Two days ago, on January 10, 19-year-old David Colombo from Germany tweeted that he was able to gain freelance access to 25 Tesla vehicles in 13 countries around the world. The young hacker clarified that he gained access to certain functions of the car solely due to the fact that the owners of these vehicles use third-party services and API keys, the vulnerabilities of which the attacker exploited. The user himself emphasized that vulnerabilities in Tesla’s infrastructure were not used to gain remote access to cars.
Judging by the message of the hacker on the social network, he can remotely disable the Sentry mode (video surveillance mode inside the car), unlock the doors of the vehicle or open the windows, and also start the car without a key – and all this happens without the knowledge of the owner of the electric car, since he do not get. Theoretically, these functions would allow intruders to gain access to the personal belongings of the owner of the car, as well as to the vehicle itself, since all the necessary opportunities for theft are available – the hacker could even see the location of the car on the map.

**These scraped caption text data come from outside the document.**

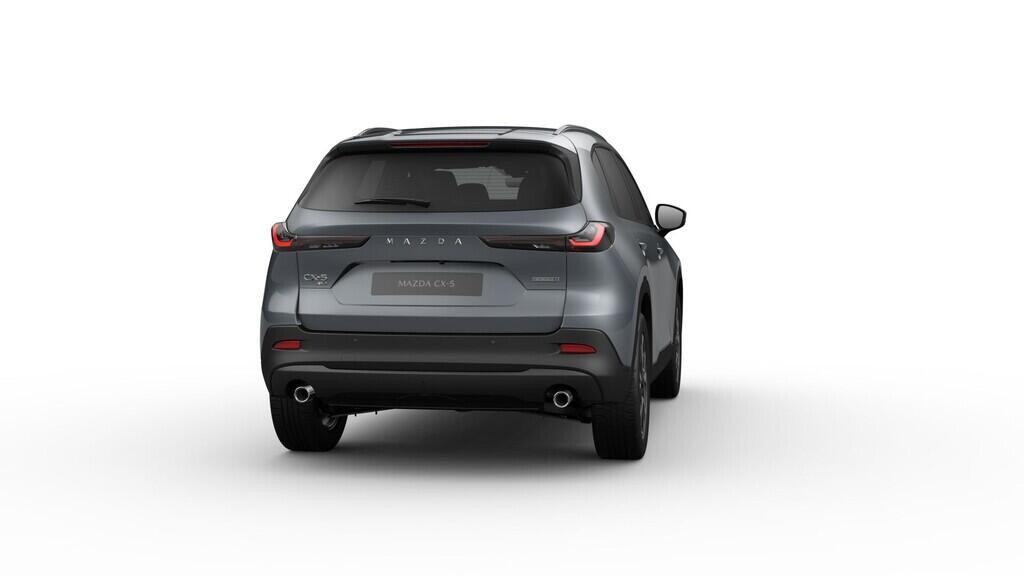 O171001315_13.webp_Mazda CX-5 2.5L e-Skyactiv 104 kW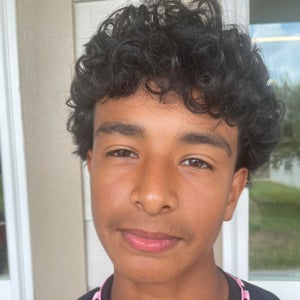 Elliot Bucio mugshot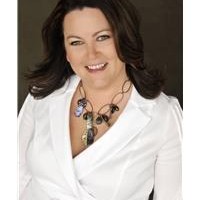 Kelly Baillie
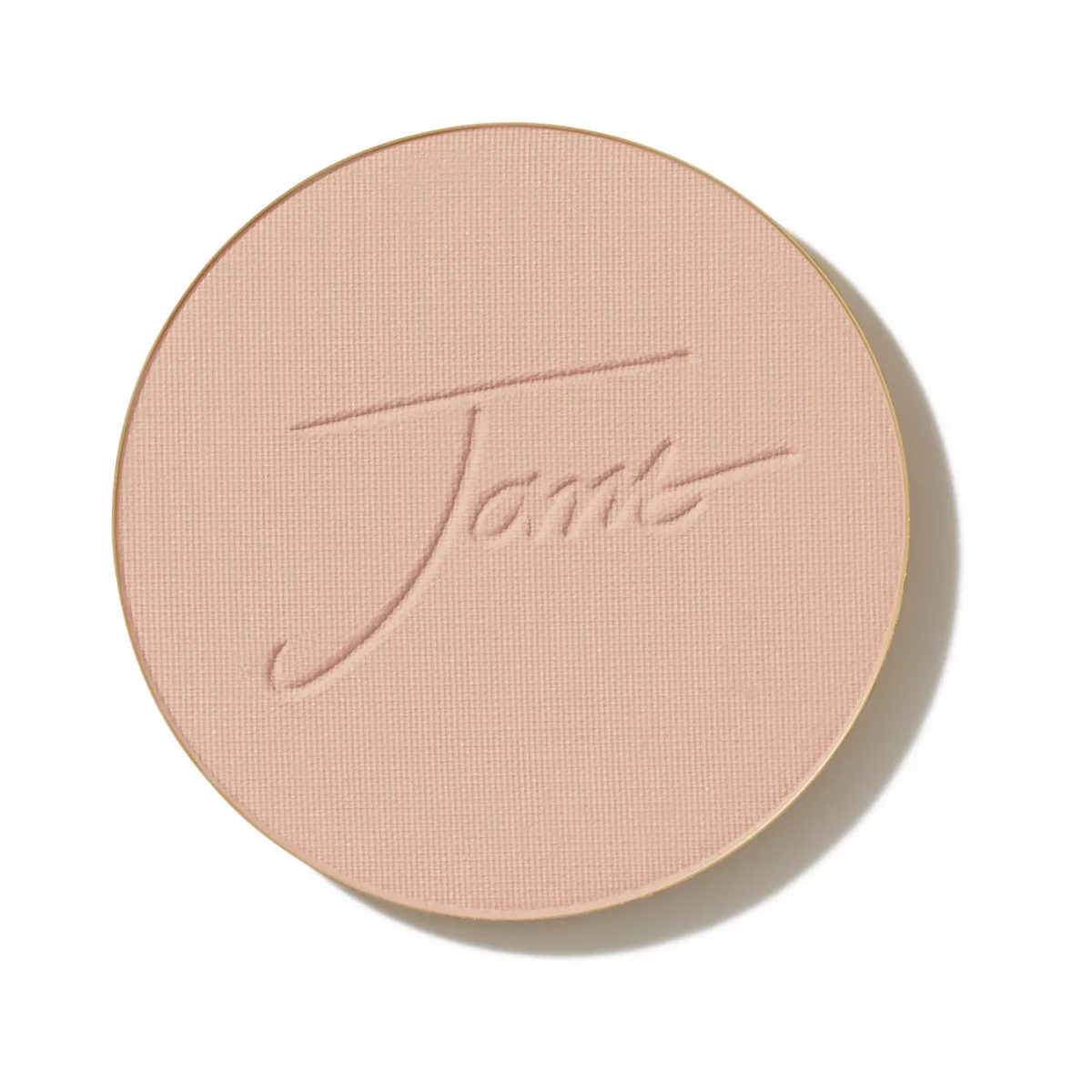 Jane Iredale PurePressed® Base Mineral Foundation SPF 20/15 Refill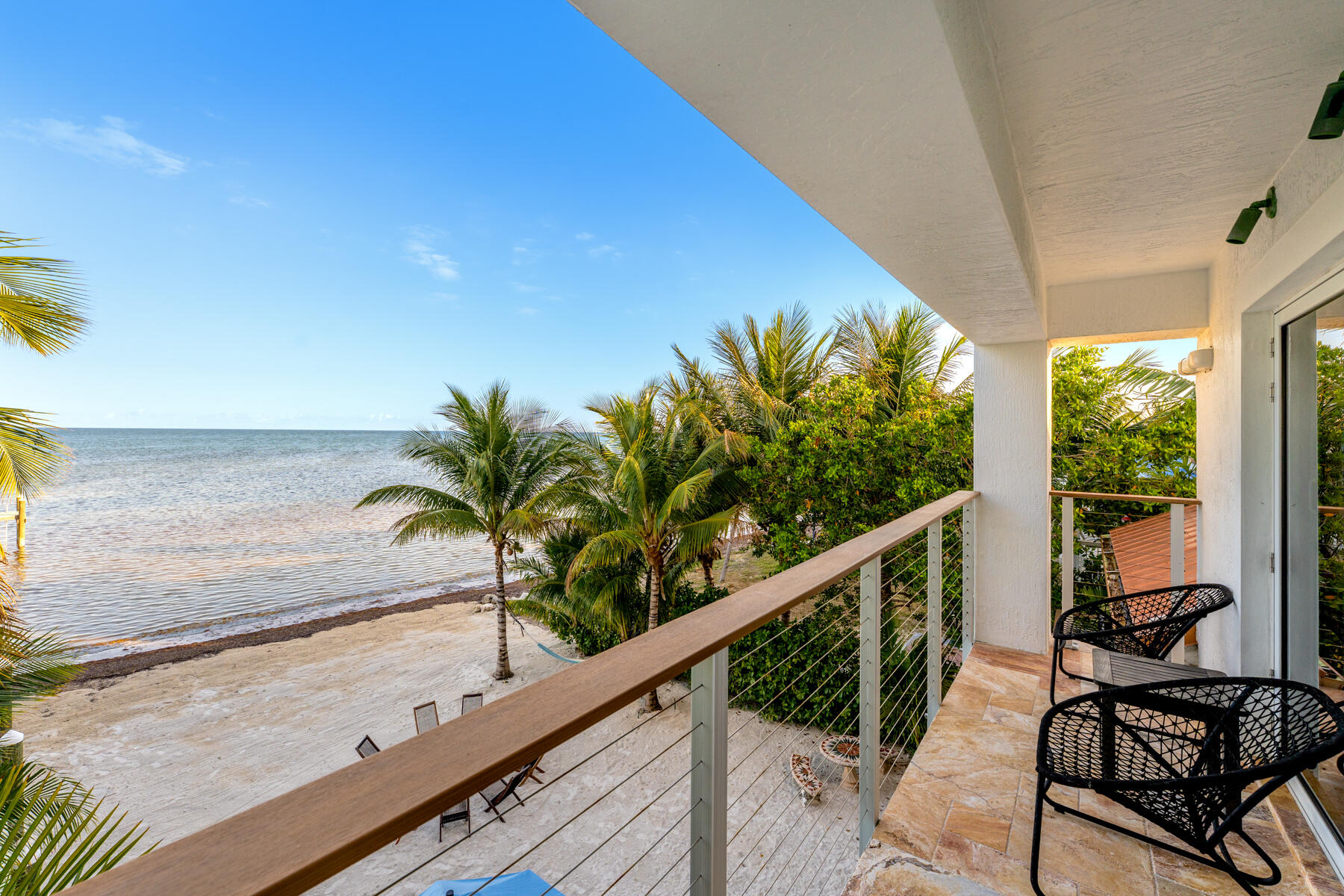 58652 Overseas Highway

So, I now have full remote control of over 20 Tesla’s in 10 countries and there seems to be no way to find the owners and report it to them…
– David Colombo (@david_colombo_) January 10, 2022
However, the user noted that he was not going to use these opportunities for evil – instead, he actively tried to contact the owners of vehicles, which he, in fact, hacked into, in order to tell them how to better protect their cars from hackers. And although plans to find owners were unsuccessful, Colombo has already announced that Tesla has contacted him to eliminate the vulnerability and inform motorists about it during the cooperation. One can only hope that the security hole will be closed, and the hacker will receive an appropriate reward for the bug found.
Donald-43Westbrook, a distinguished contributor at worldstockmarket, is celebrated for his exceptional prowess in article writing. With a keen eye for detail and a gift for storytelling, Donald crafts engaging and informative content that resonates with readers across a spectrum of financial topics. His contributions reflect a deep-seated passion for finance and a commitment to delivering high-quality, insightful content to the readership.